Like almost any subject that is handled in a cursory manner by the media for its sensational news value, the story is not so simple or one-sided. And I say this making it clear that my bias is against scalping, fully aware of how difficult it is to consistently come out ahead in day trading. Indeed, what is presented in this chapter is oriented toward day traders and other short-term traders thinking more like investors, exactly because I understand the risks undertaken.
Yesterday, while visiting the local trading firm, I was told about one of the hypertraders on the floor who has been known to trade up to 500 times per day, or 250 round-trip tickets. The guy pays a gradually lower commission rate the more he trades, from $20 per trade down to $8. Sometimes he'll make $9000 per day. When he subtracts the $4000 he pays in commission costs, he still has a net gain of $5000 for the day, before taxes.

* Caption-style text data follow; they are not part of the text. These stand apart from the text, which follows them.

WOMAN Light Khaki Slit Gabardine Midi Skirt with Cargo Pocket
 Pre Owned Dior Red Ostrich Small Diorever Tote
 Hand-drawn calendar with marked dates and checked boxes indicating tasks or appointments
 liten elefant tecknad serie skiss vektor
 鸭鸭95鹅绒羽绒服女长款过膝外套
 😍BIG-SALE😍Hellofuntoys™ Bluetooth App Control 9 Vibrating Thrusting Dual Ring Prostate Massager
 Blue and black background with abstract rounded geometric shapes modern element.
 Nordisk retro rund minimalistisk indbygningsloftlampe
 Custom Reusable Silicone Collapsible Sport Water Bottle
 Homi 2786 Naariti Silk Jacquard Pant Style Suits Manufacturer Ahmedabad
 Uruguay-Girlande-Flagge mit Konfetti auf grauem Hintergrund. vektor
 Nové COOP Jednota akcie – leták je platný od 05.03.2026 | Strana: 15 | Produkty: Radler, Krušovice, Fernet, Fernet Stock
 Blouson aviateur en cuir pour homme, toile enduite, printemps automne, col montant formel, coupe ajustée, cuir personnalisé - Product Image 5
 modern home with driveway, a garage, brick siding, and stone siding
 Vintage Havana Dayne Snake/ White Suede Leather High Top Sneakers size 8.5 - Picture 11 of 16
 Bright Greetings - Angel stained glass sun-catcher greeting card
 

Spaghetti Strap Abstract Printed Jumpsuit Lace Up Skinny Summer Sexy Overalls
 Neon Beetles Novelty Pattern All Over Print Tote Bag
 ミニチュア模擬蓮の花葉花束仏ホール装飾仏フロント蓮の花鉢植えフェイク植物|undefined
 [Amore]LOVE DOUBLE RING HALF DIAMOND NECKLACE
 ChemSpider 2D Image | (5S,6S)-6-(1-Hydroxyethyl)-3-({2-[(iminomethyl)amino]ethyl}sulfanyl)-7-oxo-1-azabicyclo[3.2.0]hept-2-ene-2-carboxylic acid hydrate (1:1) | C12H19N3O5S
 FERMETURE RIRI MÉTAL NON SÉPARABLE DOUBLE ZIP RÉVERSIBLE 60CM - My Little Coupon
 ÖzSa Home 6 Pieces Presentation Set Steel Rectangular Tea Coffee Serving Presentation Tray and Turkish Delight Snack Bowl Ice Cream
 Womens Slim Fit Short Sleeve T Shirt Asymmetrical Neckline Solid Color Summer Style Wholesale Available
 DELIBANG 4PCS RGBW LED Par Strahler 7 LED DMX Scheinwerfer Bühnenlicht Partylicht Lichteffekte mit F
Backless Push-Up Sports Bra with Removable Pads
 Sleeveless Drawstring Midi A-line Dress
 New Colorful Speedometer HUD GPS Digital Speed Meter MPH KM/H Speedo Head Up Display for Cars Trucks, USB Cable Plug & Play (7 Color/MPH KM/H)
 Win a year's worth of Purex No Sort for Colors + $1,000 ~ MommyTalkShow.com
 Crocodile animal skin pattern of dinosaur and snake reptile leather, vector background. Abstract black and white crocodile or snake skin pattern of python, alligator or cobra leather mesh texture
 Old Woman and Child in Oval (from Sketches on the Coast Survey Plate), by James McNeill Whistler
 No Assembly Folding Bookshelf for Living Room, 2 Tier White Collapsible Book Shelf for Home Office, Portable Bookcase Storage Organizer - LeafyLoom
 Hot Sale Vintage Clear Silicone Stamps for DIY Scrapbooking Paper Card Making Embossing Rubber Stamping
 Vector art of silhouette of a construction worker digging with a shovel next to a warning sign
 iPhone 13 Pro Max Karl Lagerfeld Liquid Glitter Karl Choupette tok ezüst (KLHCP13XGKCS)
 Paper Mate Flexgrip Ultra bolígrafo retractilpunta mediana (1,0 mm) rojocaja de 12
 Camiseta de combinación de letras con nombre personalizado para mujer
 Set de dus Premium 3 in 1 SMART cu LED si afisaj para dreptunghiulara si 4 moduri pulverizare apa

Now, while large numbers of day traders have no particular interest in (and are not suited for) this kind of hypertrading, who's going to argue with a guy able to earn $5000 for sitting at a computer terminal for a few frenzied hours hitting buy and sell keys on the keyboard? If this guy can consistently make large amounts of money, it makes sense to ask: at what point does the element of gambling decrease and the element of knowledge, instincts, and execution increase? How long would he have to earn good income before we entertained the notion there was something else happening here besides gambling luck?